Carla Ingrasciotta: “Constructed Situations” explores the process of human alienation from nature and addresses the question of our place in the global ecosystem. How do the artists respond to such a theme?
Masha Sergeeva: The artists participating in the project – Tanya Akhmetgalieva, Ilya Fedotov-Fedorov, Aljoscha, Margo Trushina, Kirill Garshin, Alexandra Paperno and Vadim de Grainville (Grigoryan) – question the nature of such a system as well as its evolution, theorising about the role of the human being throughout these processes. The artists create situations or model ecosystems without intervening in the outcome. They determine the conditions, create the environments, but do not regulate the results; they build worlds and observe their development.
Could you tell us about the collaboration with the City of Moscow? How did you develop the exhibition together?
The project was initiated by the department of foreign affairs of the City of Moscow and is co-produced by Concord Group. I could not thank enough Elena Rumyantseva, the project’s head producer, and Inna Kalenskaya, project’s architect – this exhibition would have been definitely not possible without them.
I think that it is of great importance to acknowledge the support that the City of Moscow gives to the contemporary arts – the arts are a communication platform, enabling the development of international relationships between Moscow and other cosmopolitan cities around the world.
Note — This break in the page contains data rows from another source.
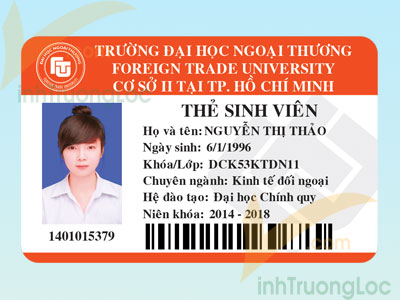 thẻ sinh viên đại học ngoại thương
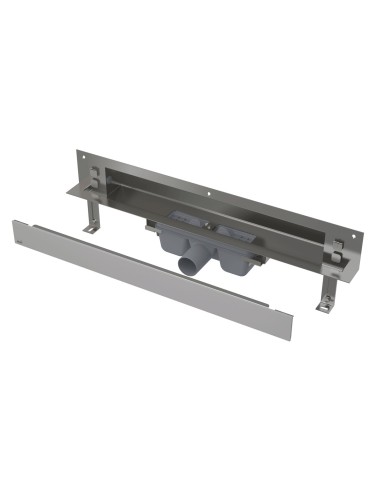 Alcaplast Spa - System odpływowy do zabudowy w ścianie (Stal nierdzewna mat) APZ5-SHADE-950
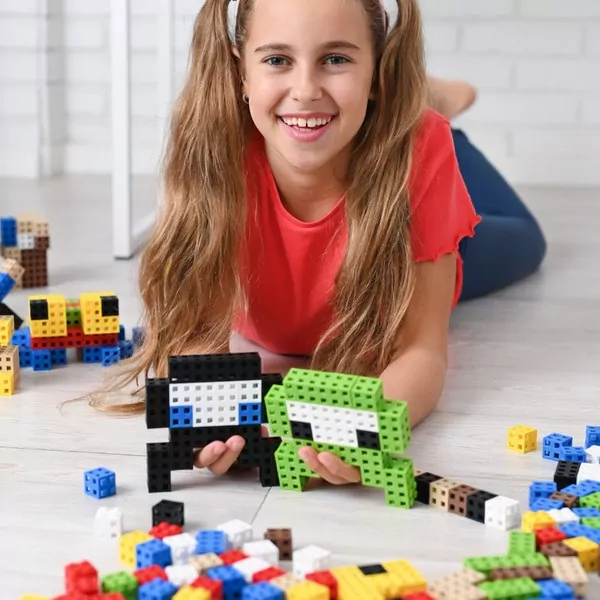 Klocki Meli Cube Edu 300 elementów - tantis.pl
Especially today, for the first time in history, many significant issues can be solved only on a global scale, as opposed to on the local scale (at the level of governments or cities). Climate change is a great example of the latter. Art and culture is a strategic way to spotlight and discuss such causes, while also developing solutions. For this reason, I am happy that my city’s government is staying relevant by choosing to support causes that speak to the underlying issues in the world.
How did you select the artists? Have you been collaborating with them since long time?
I’ve been working with some of the artists and have been following the work of the others for a long time. All of the selected artists have a strong record exhibiting their work in leading institutions in Russia and abroad, while creating work relevant to the topic of the exhibition.
The artists are representative of the Russian contemporary art scene. Could you tell us about your perspective of the art scene in Moscow and the art community over there?
I think the Russian contemporary art scene is gaining its momentum right now. More and more projects and galleries are emerging in the country, and the number of strong international shows that Russian artists are participating in is growing. Moreover, the government is becoming increasingly interested in the field of contemporary arts. I think the biggest challenge for artists today is producing work that is relevant to the global discourse, while remaining authentic and connected to their heritage, tradition and roots – this authenticity is what makes their work unique. I think the context of artwork created in Moscow and Russia provides the perfect grounds for embodying this balance and maintaining the individuality of local artistry.
What do you think about the presence of Russian Art in Venice? Let’s think to the Moscow based foundation VAC, which opened a branch in Venice in 2017 or the country National Participation at the Venice Biennale…
I think it is a great way for artists to voice their thoughts and be heard at the level of an international arena. It is also important for the development of the local scene to be included in global conversation, so I am very supportive of the presence of Russian Contemporary Art and the previously mentioned projects.